This could be any day. This is every day.
It’s 6:30am and the dreaded buzz that jarringly pulls me from the land of the blissfully unaware to reality fills my ears. At that moment, the daily internal debate about getting up versus getting more sleep is the most pressing thing in my world.
But, by the same awfully early hour, police in Australia have already attended the scenes of 195 incidents of domestic violence.
Sleepy and grumpy at the alarm’s intrusion into my pleasant dream, I press snooze once. Twice.
Police attend another nine cases while I doze in my comfy, warm bed.
By the time I leave my desk for my first hit of caffeine around 10:30am, the tally has risen to 315.
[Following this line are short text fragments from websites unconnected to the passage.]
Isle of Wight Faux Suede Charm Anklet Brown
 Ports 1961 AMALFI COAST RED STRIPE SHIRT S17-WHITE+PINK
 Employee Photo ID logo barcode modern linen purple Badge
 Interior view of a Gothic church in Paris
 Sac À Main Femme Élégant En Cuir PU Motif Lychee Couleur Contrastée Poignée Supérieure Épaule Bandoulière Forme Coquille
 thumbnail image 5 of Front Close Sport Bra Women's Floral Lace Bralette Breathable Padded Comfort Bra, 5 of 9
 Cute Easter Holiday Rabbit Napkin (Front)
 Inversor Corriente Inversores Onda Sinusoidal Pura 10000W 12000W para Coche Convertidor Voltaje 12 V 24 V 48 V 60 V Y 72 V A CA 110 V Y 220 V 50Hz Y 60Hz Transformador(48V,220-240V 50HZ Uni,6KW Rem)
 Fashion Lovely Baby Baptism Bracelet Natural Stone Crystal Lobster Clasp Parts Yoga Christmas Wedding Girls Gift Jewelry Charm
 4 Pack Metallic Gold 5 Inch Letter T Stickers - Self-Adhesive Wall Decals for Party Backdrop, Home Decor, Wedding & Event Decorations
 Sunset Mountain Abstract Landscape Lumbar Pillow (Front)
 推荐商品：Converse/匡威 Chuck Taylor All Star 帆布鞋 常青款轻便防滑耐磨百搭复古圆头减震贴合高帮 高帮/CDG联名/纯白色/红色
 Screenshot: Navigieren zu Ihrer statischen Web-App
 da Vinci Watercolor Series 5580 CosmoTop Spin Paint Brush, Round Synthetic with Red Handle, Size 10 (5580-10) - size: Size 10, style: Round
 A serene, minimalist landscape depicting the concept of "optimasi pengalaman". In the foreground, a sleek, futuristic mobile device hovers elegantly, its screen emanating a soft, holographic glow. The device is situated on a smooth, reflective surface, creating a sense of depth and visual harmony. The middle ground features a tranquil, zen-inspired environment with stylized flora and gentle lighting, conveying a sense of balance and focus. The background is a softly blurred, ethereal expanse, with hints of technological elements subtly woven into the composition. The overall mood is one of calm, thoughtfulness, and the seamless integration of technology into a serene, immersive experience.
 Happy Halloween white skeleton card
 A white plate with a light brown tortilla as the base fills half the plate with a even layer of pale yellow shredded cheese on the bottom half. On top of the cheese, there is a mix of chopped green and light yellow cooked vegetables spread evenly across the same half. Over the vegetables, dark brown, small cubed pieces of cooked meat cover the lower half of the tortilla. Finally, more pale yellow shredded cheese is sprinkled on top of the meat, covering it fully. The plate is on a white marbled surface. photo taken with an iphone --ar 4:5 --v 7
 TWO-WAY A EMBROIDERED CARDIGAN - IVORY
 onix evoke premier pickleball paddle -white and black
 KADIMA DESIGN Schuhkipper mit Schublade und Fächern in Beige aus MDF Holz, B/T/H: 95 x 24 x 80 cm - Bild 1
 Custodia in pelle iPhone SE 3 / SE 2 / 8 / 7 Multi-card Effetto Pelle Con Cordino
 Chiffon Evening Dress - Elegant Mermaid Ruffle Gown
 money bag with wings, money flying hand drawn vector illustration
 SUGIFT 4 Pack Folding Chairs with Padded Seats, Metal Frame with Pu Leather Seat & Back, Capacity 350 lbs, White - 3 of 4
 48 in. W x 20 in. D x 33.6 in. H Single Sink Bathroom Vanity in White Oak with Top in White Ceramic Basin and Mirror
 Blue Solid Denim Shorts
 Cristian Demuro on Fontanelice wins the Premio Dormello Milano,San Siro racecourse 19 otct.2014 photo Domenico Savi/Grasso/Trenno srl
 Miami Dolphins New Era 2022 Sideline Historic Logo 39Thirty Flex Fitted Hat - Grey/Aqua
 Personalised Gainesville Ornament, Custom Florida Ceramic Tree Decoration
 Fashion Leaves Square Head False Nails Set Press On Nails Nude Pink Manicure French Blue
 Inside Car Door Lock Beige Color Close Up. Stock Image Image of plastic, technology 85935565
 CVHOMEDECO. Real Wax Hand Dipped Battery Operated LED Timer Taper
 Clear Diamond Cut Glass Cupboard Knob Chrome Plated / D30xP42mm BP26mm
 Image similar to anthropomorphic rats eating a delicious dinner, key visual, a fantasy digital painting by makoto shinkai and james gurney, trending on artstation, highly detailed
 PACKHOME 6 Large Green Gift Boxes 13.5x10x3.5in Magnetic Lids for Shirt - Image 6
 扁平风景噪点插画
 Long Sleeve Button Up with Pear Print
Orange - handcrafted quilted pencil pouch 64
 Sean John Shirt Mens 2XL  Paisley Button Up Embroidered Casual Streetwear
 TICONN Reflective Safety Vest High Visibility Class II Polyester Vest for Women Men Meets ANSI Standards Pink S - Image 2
The statistics are shocking.
Especially because we never hear anything about the vast majority of these cases.
The cases we do hear about are the ugliest of them all – the ones that, after escalating violence and ongoing threats, end in a bloody murder.
Around 59 women across the country have allegedly been killed by violence so far this year.
Like Nikita Chawla, 23, whose throat was allegedly slit by husband Parminder Singh in a jealous rage.
And 39-year-old mother of two Adelle Collins, whose former boyfriend allegedly broke into her home and stabbed her to death.
Or mother-to-be Fabiana Palhares, who was allegedly bludgeoned to death with a tomahawk by her estranged boyfriend, 34-year-old Brock Wall.
And, disturbingly, the number of domestic violence incidents is on the rise (although whether it’s due to increased reporting or increased incidents, police don’t know).